What’s shaping this changing landscape? Demographics is a big one, with millennials asserting their needs and preferences as the largest generation in the current workforce. Millennials want workplaces that are innovative and collaborative, and that provide thoughtful paths for professional development. Like Gen Xers, they also want interesting lives outside of the office and freedom from crippling job-related stress. As such, their growing presence in the workforce tips the balance in favor of better-work life balance versus the smaller number of work-driven, nose-to-the-grindstone boomers. 

What does this mean for what we’ll see in the team leadership landscape over the next year? Here are four of my predictions.

1. It will be more important than ever to understand your people

It used to be common practice for workers to unilaterally shift their behaviors to accommodate their managers. No more. Instead, today’s workplaces are two-way streets with relationships at their centers and more diverse compositions and perspectives than ever before. 

It’s always been good career advice to understand and adapt to your manager’s preferred communication, conflict and behavioral styles. But today that’s also true of your teammates, including those you manage. Leaders who work harder to understand their team members will be more successful in helping them perform. 

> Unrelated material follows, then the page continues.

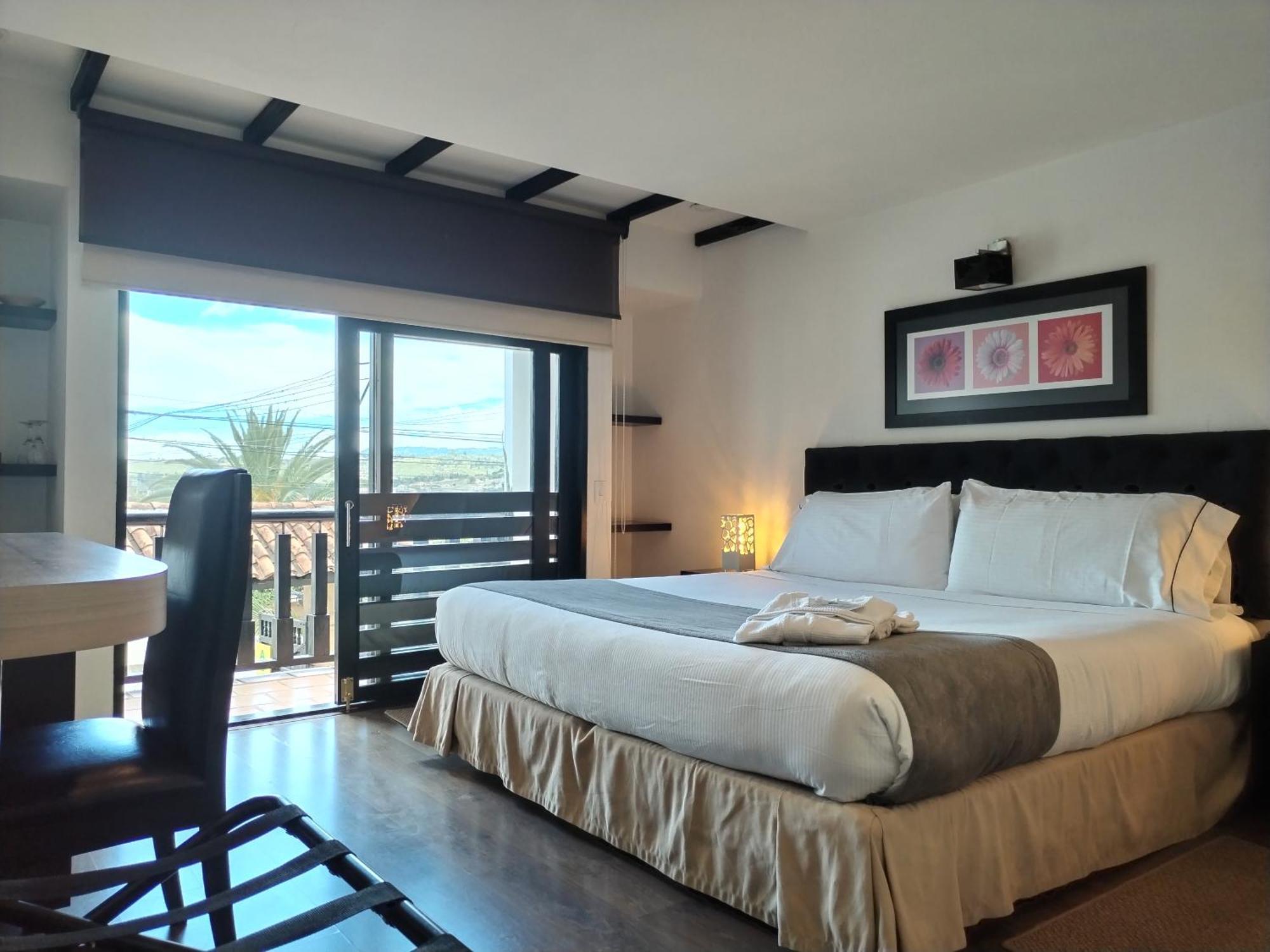 Santa Maria De Leyva Hotel Boutique Виля Де Лейва Екстериор снимка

How can they do so? More and more workplaces are using personality and behavioral assessments and inventories like DISC and Myers-Briggs. And not just for hiring, but to give their employees useful information about how to interact with colleagues – including managers and reports – most productively across personality style, conflict style, and other individual and team characteristics. In other words, we’re all in this together, with effort from every team member! 

Take advantage of these tools and your reward will be a keener understanding of how best to manage the relationships that make or break team success. 

2. More team leaders will leverage a “servant leadership” style

The most influential leaders today no longer look like charismatic, ego-driven CEOs at the top of a hierarchical org chart. They are more likely self-aware collaborators guiding and facilitating their teams’ success as “servant leaders.” 

Coined in the 1970s by the businessman Robert Greenleaf, the term “servant leadership” refers to a philosophy and set of practices in which leaders put the needs of others first, making their primary aim helping people develop and perform as highly as possible. Unlike traditional “power leaders,” servant leaders aim to share power. They embody traits that build strong relationships, including empathy, stewardship, listening and community-building. With more research showing that these traits and others like them, oft considered “soft skills,” actually improve leadership effectiveness, it’s easy to see why servant leadership has growing appeal. 

3. Performance development will increasingly replace performance management

This goes hand-in-hand with trend #2 above. With collaborative workforces, 360-style feedback and the Gen-Y-driven zest for self-direction and autonomy becoming more of the norm, individuals and teams now own more of their own performance development. I predict that this year we’ll see more team development platforms like the one we’ve built here at RallyBright.  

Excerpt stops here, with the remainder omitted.